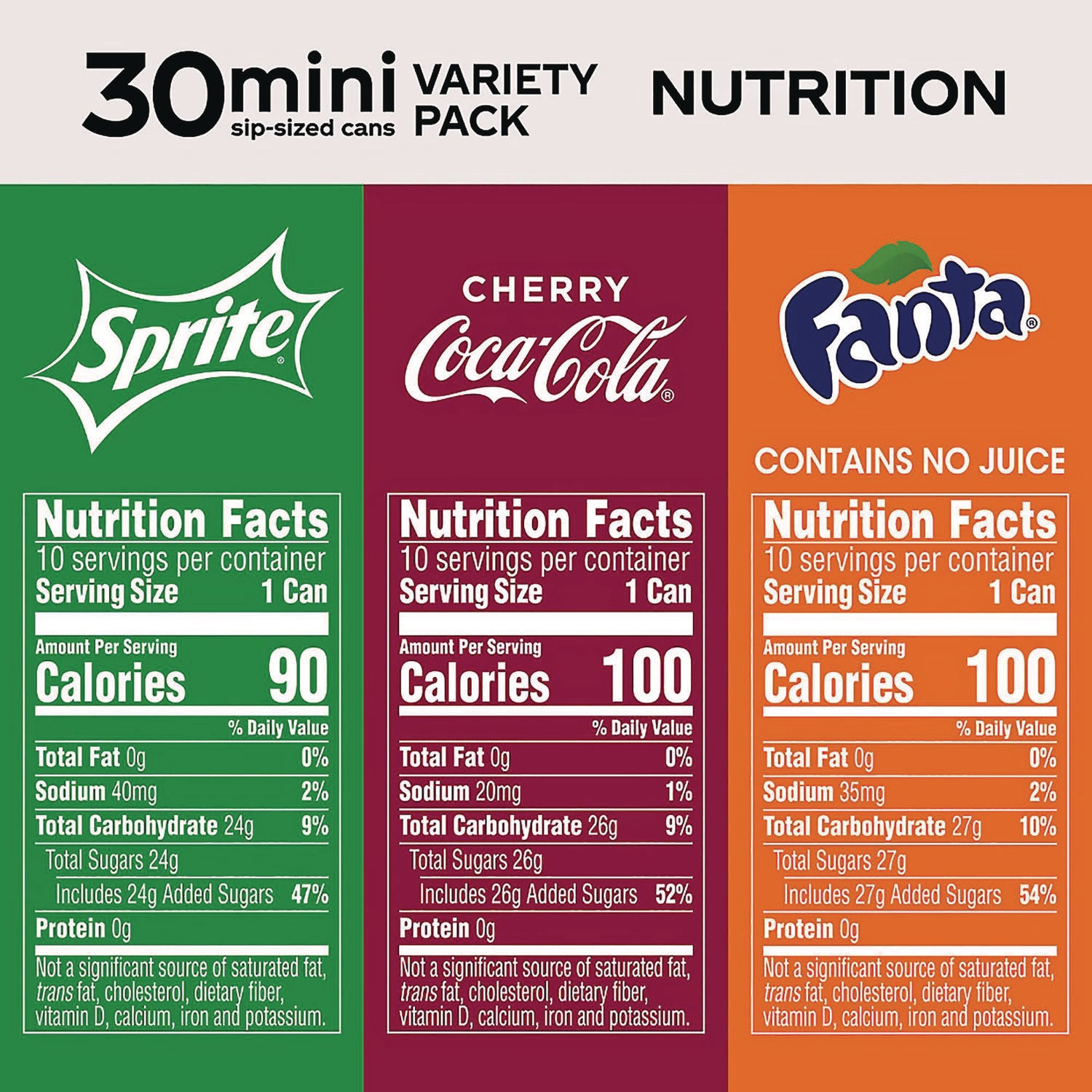 7.50 fl oz (222 mL) - Assorted - 30/Box - 1 Carton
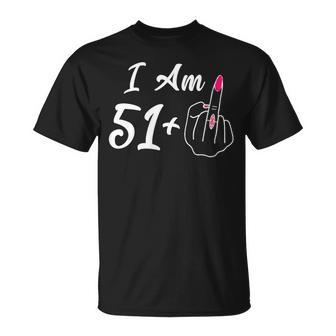 Personalized I Am 51 Plus 1 Middle Finger 52Th Women T-Shirt - Seseable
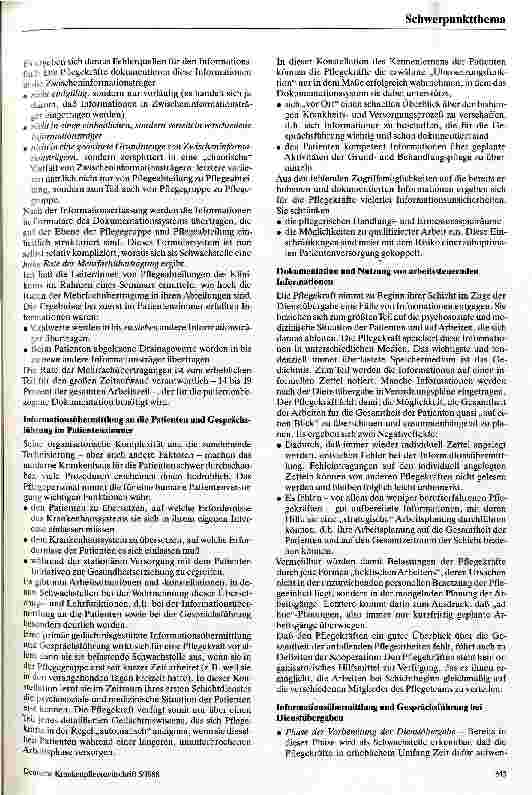 Vorschauseite 3: Zettelwirtschaft oder Dokumentationssystem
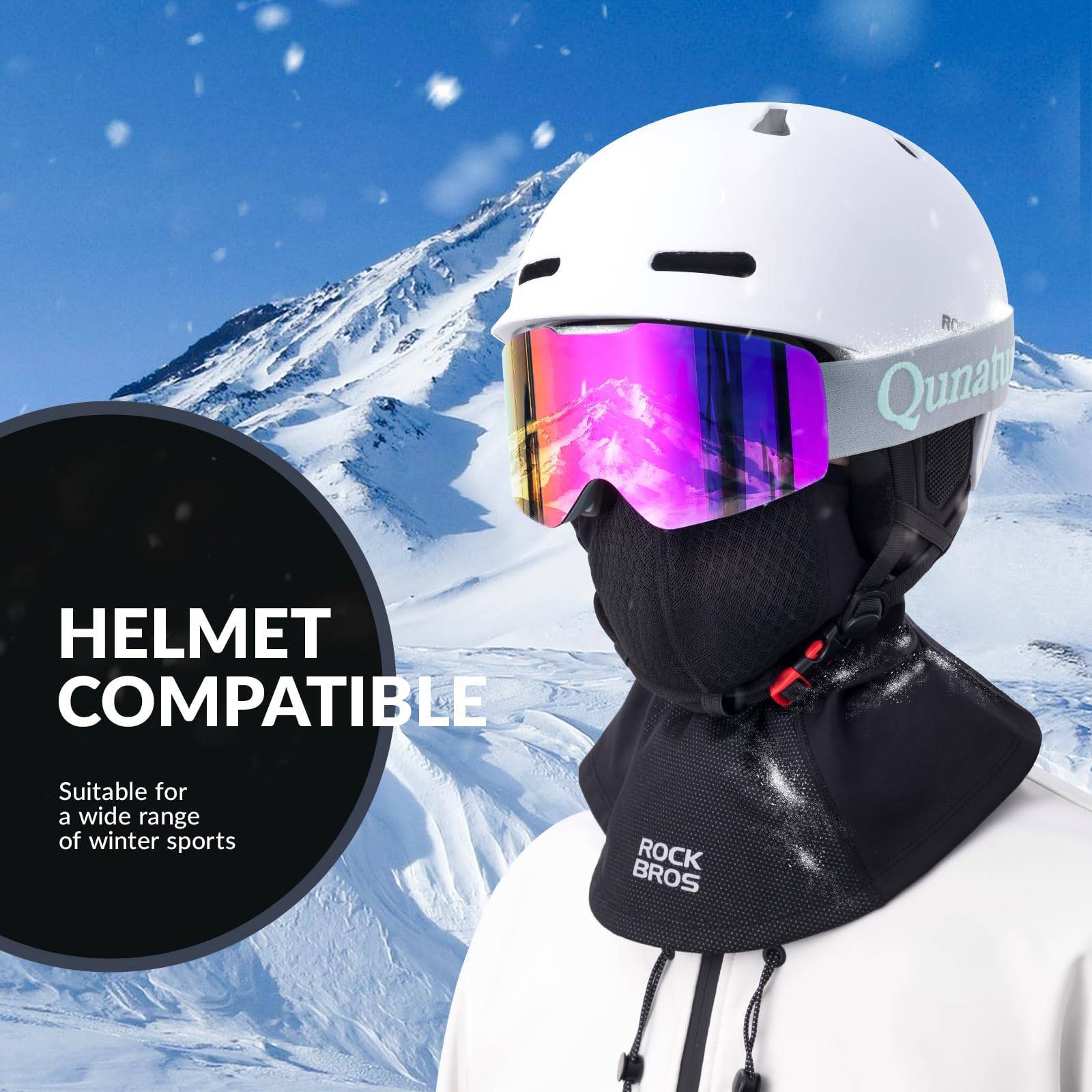 ROCKBROS Balaclava Herbst Winter Skimaske Atmungsaktiv Gesichtshaube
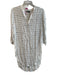 Nic+ Zoe Size S White Rayon Long Sleeve V Neck High Low Top White / S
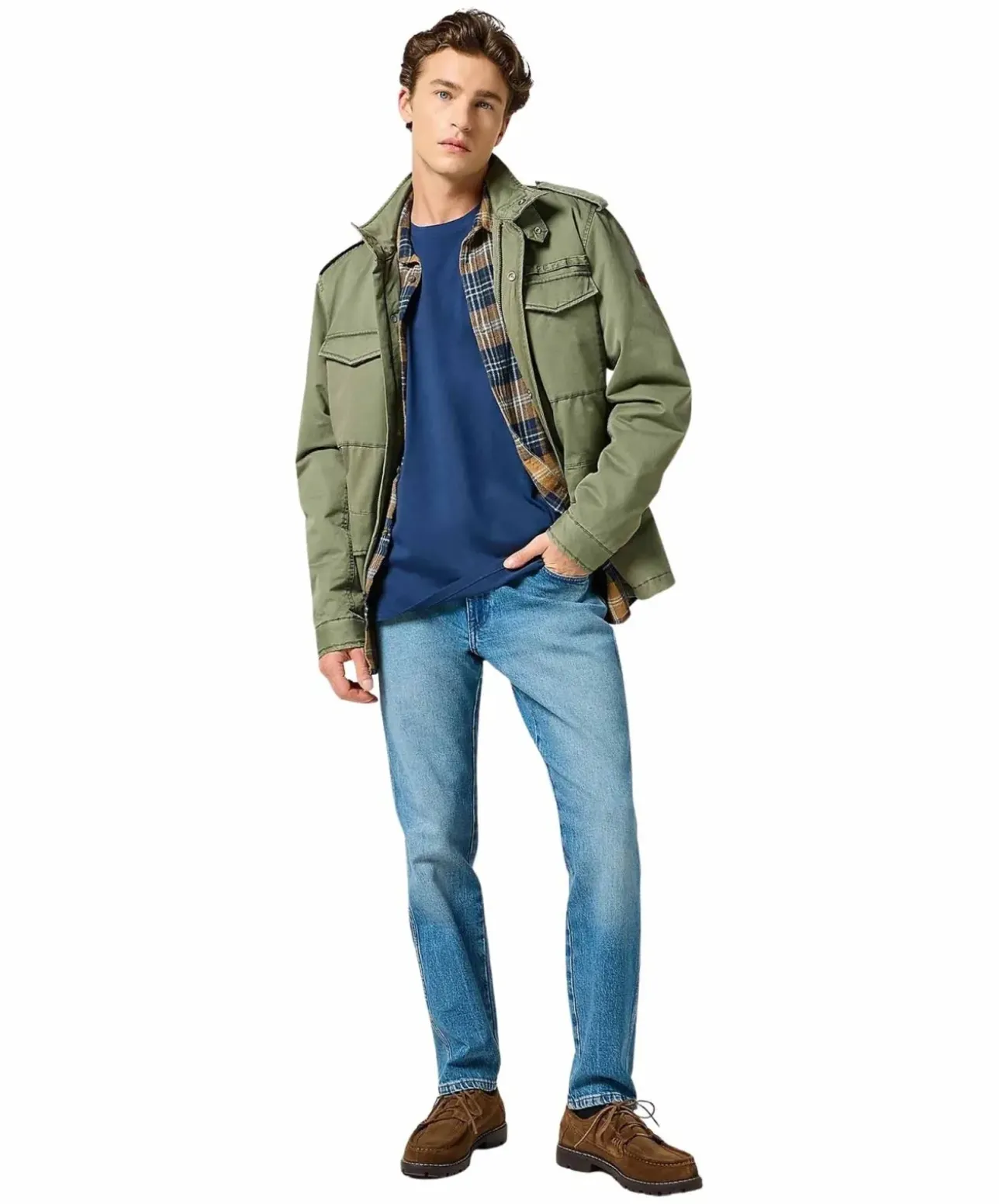 Wrangler River Jeans heller Chante Waschung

..............................

> **What is needed**
All that is needed here is the run of lines from the one containing "ROCKBROS Balaclava Herbst" through the end of the material above, reproduced exactly and without pictures.

> **Response area**
 ROCKBROS Balaclava Herbst Winter Skimaske Atmungsaktiv Gesichtshaube
 Nic+ Zoe Size S White Rayon Long Sleeve V Neck High Low Top White / S
 Wrangler River Jeans heller Chante Waschung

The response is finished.